Ask an AI to make you a 3D model and, depending on the service you use, the results can be genuinely decent at best and utterly awful at worst. The tools made to turn text into 3D models that have floated around for a few years often make a vaguely correct sculpture that looks fine in a preview but doesn't actually work on a geometric level. It may not have clean dimensions, it might not be editable, and half the time it might not even be a geometrically valid object.
The better way to do this doesn't involve generating a shape at all, as language models are bad at picturing objects in space. However, they're quite good at writing code, so instead of asking for a model, you ask for a program that builds one. The model writes a script, the script produces the geometry, and you get a part with real measurements that you can actually change.
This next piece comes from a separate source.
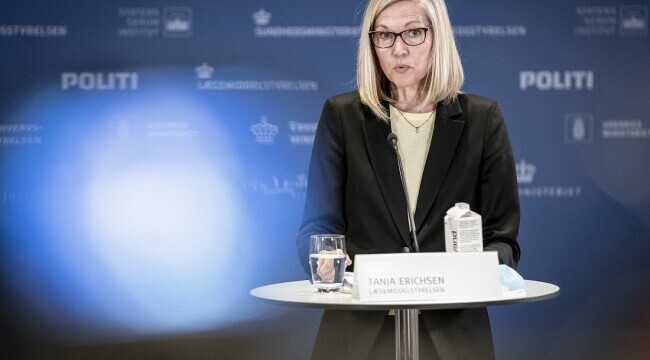 VIDEO Clipe de coșmar! Șefa Agenției daneze a medicamentelor a leșinat în timpul unei conferințe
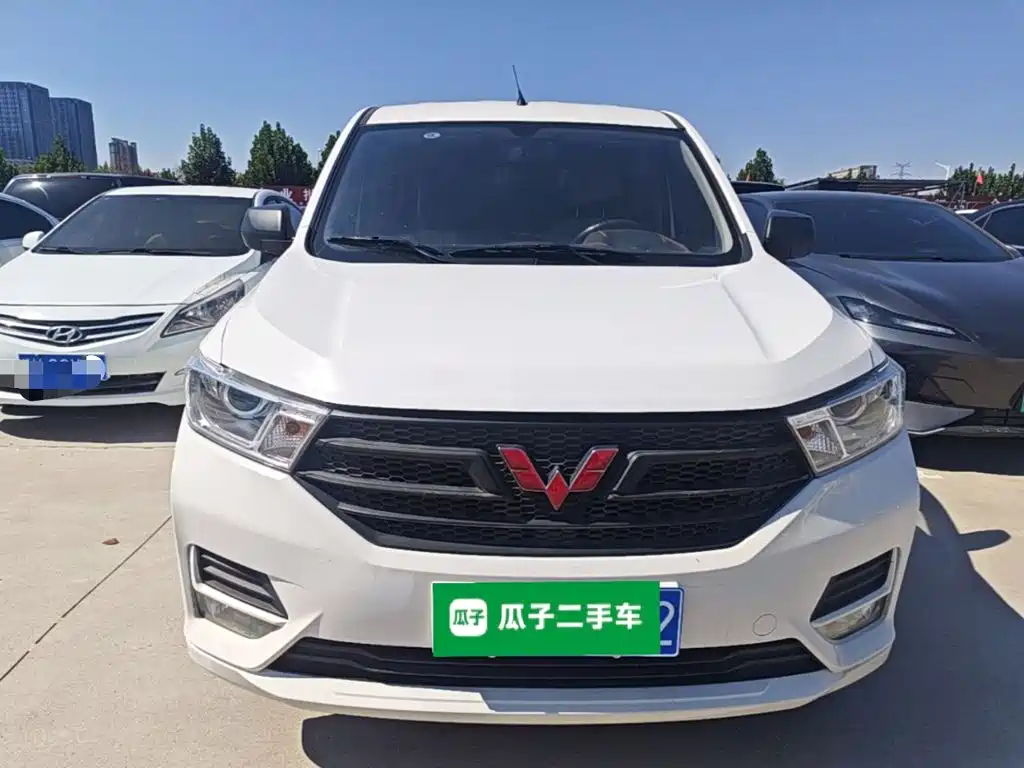 Wuling Hongguang — фото 3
I spent some time doing exactly that, designing 3D printable parts with Claude Opus 4.8 and GPT-5.5. I had both models create OpenSCAD files, comparing the outputs at the end to see what was accurate, what wasn't accurate, and if the model would even theoretically print. It works surprisingly well... but it's also wrong a lot, and sometimes in ways that look mostly fine until you stop and think about them.
LLMs can't picture a 3D shape, but they can write the code for one
It gets you started
OpenSCAD is a programming language for 3D shapes. You describe a part in code, with variables like wall = 2 or angle = 65, and it compiles that into a 3D object. That suits a language model perfectly, because a design becomes a text file it can write, read, and edit like any other program.
The beauty of it is that everything stays parametric. You can change a number near the top of the file and the part resizes around it, which means you can hand the model a real measurement and have the design rebuild itself to match. If you design a holder for a 66mm device, it becomes a holder for a 90mm one by editing a single line.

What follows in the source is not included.